Material provided =>
--*--

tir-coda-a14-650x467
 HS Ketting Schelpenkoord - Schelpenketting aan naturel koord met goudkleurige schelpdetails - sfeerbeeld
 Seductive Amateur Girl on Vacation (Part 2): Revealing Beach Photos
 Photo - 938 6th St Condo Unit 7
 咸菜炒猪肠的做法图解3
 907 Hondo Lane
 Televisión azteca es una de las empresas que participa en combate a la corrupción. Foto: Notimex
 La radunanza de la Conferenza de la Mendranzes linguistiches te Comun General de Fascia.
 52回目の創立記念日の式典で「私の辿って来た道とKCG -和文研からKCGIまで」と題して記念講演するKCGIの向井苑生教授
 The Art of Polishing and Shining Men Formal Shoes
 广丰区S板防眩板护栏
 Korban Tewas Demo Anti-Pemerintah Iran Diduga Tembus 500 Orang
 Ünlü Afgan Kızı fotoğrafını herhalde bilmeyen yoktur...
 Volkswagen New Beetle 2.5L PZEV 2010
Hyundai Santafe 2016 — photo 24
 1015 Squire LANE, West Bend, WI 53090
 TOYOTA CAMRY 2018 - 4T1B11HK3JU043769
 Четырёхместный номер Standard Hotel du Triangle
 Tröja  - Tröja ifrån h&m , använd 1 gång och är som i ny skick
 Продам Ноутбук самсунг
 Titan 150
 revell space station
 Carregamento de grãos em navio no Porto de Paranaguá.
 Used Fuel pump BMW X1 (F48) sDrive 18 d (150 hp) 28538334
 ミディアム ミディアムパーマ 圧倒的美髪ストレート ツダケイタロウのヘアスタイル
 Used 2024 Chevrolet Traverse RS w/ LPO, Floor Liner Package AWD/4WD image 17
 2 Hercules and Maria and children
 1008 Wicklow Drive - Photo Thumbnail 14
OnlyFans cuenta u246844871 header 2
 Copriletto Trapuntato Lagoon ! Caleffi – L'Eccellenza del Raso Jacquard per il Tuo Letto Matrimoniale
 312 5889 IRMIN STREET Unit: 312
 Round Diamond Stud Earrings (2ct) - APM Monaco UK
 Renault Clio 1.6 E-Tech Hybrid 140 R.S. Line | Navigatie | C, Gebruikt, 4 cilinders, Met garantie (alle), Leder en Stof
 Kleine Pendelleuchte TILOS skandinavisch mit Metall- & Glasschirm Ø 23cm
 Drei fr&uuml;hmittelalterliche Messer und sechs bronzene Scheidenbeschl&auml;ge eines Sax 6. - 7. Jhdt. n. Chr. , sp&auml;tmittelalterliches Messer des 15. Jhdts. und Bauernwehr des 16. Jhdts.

--*--

Write out the listing once more, matching it exactly.

tir-coda-a14-650x467
 HS Ketting Schelpenkoord - Schelpenketting aan naturel koord met goudkleurige schelpdetails - sfeerbeeld
 Seductive Amateur Girl on Vacation (Part 2): Revealing Beach Photos
 Photo - 938 6th St Condo Unit 7
 咸菜炒猪肠的做法图解3
 907 Hondo Lane
 Televisión azteca es una de las empresas que participa en combate a la corrupción. Foto: Notimex
 La radunanza de la Conferenza de la Mendranzes linguistiches te Comun General de Fascia.
 52回目の創立記念日の式典で「私の辿って来た道とKCG -和文研からKCGIまで」と題して記念講演するKCGIの向井苑生教授
 The Art of Polishing and Shining Men Formal Shoes
 广丰区S板防眩板护栏
 Korban Tewas Demo Anti-Pemerintah Iran Diduga Tembus 500 Orang
 Ünlü Afgan Kızı fotoğrafını herhalde bilmeyen yoktur...
 Volkswagen New Beetle 2.5L PZEV 2010
Hyundai Santafe 2016 — photo 24
 1015 Squire LANE, West Bend, WI 53090
 TOYOTA CAMRY 2018 - 4T1B11HK3JU043769
 Четырёхместный номер Standard Hotel du Triangle
 Tröja  - Tröja ifrån h&m , använd 1 gång och är som i ny skick
 Продам Ноутбук самсунг
 Titan 150
 revell space station
 Carregamento de grãos em navio no Porto de Paranaguá.
 Used Fuel pump BMW X1 (F48) sDrive 18 d (150 hp) 28538334
 ミディアム ミディアムパーマ 圧倒的美髪ストレート ツダケイタロウのヘアスタイル
 Used 2024 Chevrolet Traverse RS w/ LPO, Floor Liner Package AWD/4WD image 17
 2 Hercules and Maria and children
 1008 Wicklow Drive - Photo Thumbnail 14
OnlyFans cuenta u246844871 header 2
 Copriletto Trapuntato Lagoon ! Caleffi – L'Eccellenza del Raso Jacquard per il Tuo Letto Matrimoniale
 312 5889 IRMIN STREET Unit: 312
 Round Diamond Stud Earrings (2ct) - APM Monaco UK
 Renault Clio 1.6 E-Tech Hybrid 140 R.S. Line | Navigatie | C, Gebruikt, 4 cilinders, Met garantie (alle), Leder en Stof
 Kleine Pendelleuchte TILOS skandinavisch mit Metall- & Glasschirm Ø 23cm
 Drei fr&uuml;hmittelalterliche Messer und sechs bronzene Scheidenbeschl&auml;ge eines Sax 6. - 7. Jhdt. n. Chr. , sp&auml;tmittelalterliches Messer des 15. Jhdts. und Bauernwehr des 16. Jhdts.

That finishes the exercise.